There are rules such as a curfew, and a limited amount of time that can be spent off site every day. For people who have jobs, they can’t work any available shift which makes them less employable. There have also been complaints about unattentive staff — one woman in the Little Tokyo neighborhood said that she left the Key program because for everything it provided, she couldn’t get a working toilet. They also aren’t allowed to have guests. In the middle of a pandemic that does make sense, but deVillers explains that goes into what authorities don’t understand about the people they are forcing to leave home even though there are no doors or walls.

“I feel like the attitude of the city and of the police and the city and the county, whichever entity is responsible for whichever sweep that we’re talking about the idea is the attitude is sort of, well if you’re homeless here you could be homeless somewhere else,” deVillers said. “That doesn’t take into account these kind of connections that people have and how much people help each other. I can give out Narcan or supplies or something and those will go to people who need them. So to scatter folks around you’re cutting them off from their resources.”

The whole sheltering environment also speaks to why someone like Eugene did not care for group housing and elected to move back outside a while ago.

“It wasn’t for me,” Eugene said. “They were trying to tell me how to be a man and I don’t need nobody telling me how to be a man.”

What some may think is ungrateful, asinine, or insane, to choose the outdoors over a building, the last thing that people who are unhoused have to hold onto is their dignity.

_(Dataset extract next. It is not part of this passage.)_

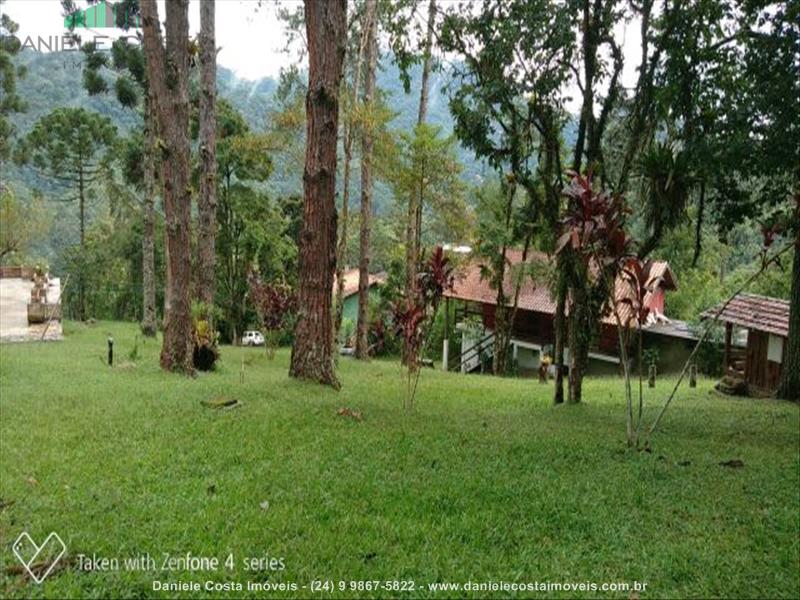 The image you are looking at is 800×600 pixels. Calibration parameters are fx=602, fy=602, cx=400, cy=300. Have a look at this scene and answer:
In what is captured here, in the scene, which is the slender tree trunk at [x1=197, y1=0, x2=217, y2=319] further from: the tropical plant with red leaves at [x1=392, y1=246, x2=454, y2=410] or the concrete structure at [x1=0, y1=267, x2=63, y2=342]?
the concrete structure at [x1=0, y1=267, x2=63, y2=342]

All they have is that and possessions. They will defend them as hard as possible, even if it’s a man living underneath that Century Blvd. overpass lunging at traffic with a knife. For those doing everything possible to keep their finances in order and families taken care of, an unhoused person has been stripped of everything largely because of the issues previously outlined in this story. They know that they’re on the street, and surely never thought that they would end up there. When there’s nothing else to fight for, all there is left is dignity. It’s why Eugene isn’t going to talk too long about his situation without repeating, “Ima be alright though.” Sometimes that is worth more than a roof over your head with people you don’t know, even if Eugene is on the move again because this week his tent was nowhere to be found.

That’s what is being removed from the view of visitors. The people so often looked past and through on a daily basis. It’s not like for those visitors it will be their first time seeing unhoused people, but the best china has to be put out everywhere, and that includes the highway exits and sidewalks that thousands will see on their way to the Super Bowl. Sure the host city wants to put its best foot forward, but it’s really ashamed. Ashamed of the way it looks, people living in tents in one of the wealthiest places on earth.

And Los Angeles — as well as the entire United States of America — should be ashamed, but not of the people that have been moved. It needs to be ashamed of itself.